George also sells replace iris jaws for the floor corker. The picture in the online catalog shows brass. I wonder if future replacement jaws will be chrome plated also. Seems likely.


----------



## gdaustin (May 4, 2011)

I went to the Ferrari Group website and it looks like all there models are coming out with the chromium plated jaws.


----------



## Dean (May 4, 2011)

Don't wash away the grease. This is food grade silicone and it's there to keep the jaws repelling water and to keep them lubricated. I have a tube that I use on all my corkers.


----------



## Brent2489 (May 4, 2011)

All I did was assemble it and use it other than adding the footies to protect the floor!


----------



## Runningwolf (May 4, 2011)

Dean said:


> Don't wash away the grease.
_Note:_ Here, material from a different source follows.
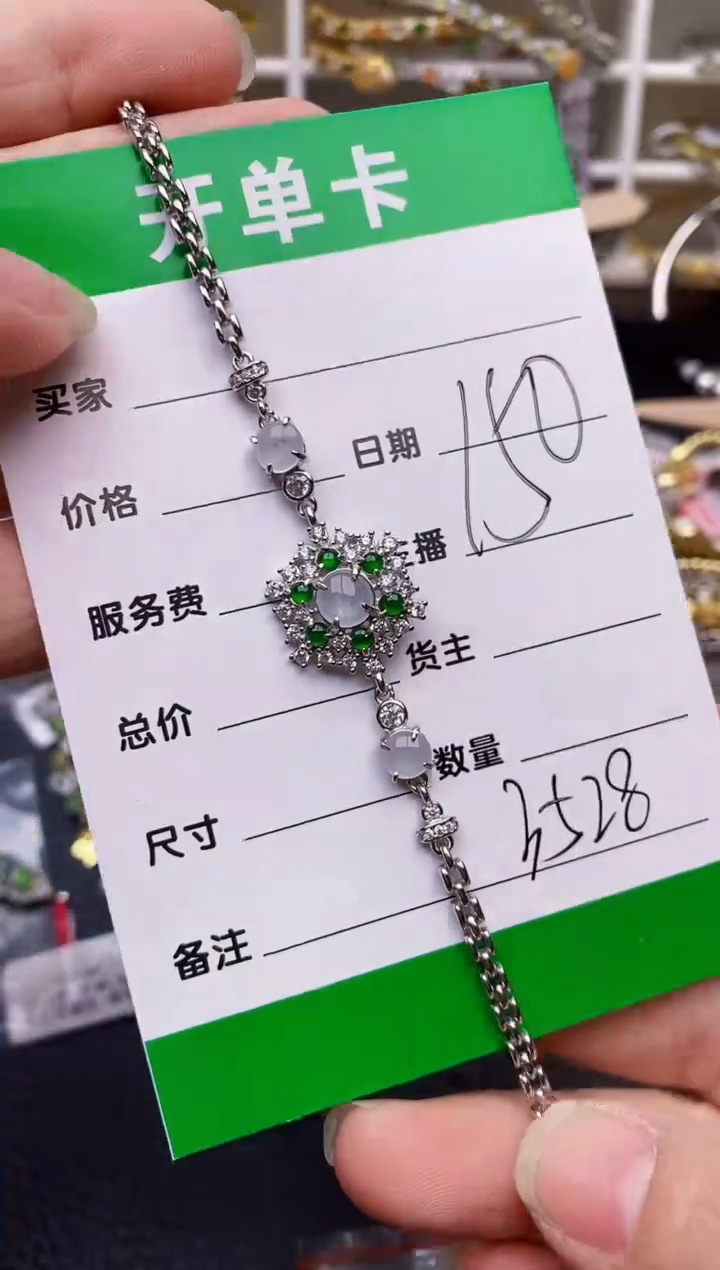 【闪购商品】翡翠戒指银S925镶嵌/3528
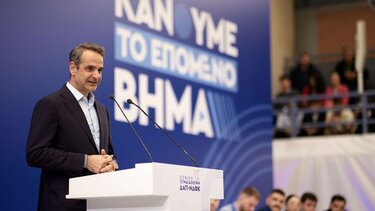 Μητσοτάκης: Σπάμε την παθογένεια της ανώτατης εκπαίδευσης από το κράτος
This is food grade silicone and it's there to keep the jaws repelling water and to keep them lubricated. I have a tube that I use on all my corkers.
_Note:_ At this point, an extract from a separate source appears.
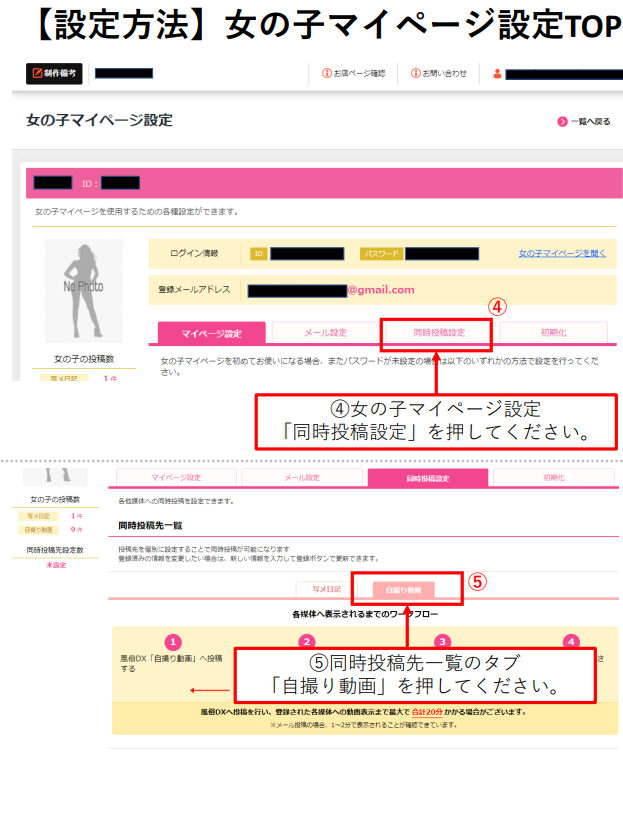 【フーゾクDX】資料②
Dean I also have the same grease and use it on sliding parts. I am just wondering are you careful not to apply it to the part that touces the cork. I would be concerned about making the cork slippery enabling it to pop out of the bottle easily when you don't want it to.


----------



## Waldo (May 4, 2011)

Was wondering about that myseld Dan


----------



## Wade E (May 4, 2011)

No, you should not be getting them on your corks. If you were to get a little tiny bit from maybe just some sneaking through from the crevices of the jaws then that will be fine but you dont want to lube the area where the corks are.


----------



## Dean (May 4, 2011)

yes, I keep the inside of the iris clean and free of grease, but that's only when fully closed. I just run a towel through a fully closed iris after I lube it up.


----------



## Rocky (May 10, 2011)

Dean, I could be mistaken on this but would it not be safer for avoiding contaminating the cork to clean the iris when is fully open and not closed? It seems if you clean it when it is closed and then open it, grease would be on the iris in the "not fully closed" area and would come in contact with the cork when it is inserted. I clean mine fully open and then lub it after use.


----------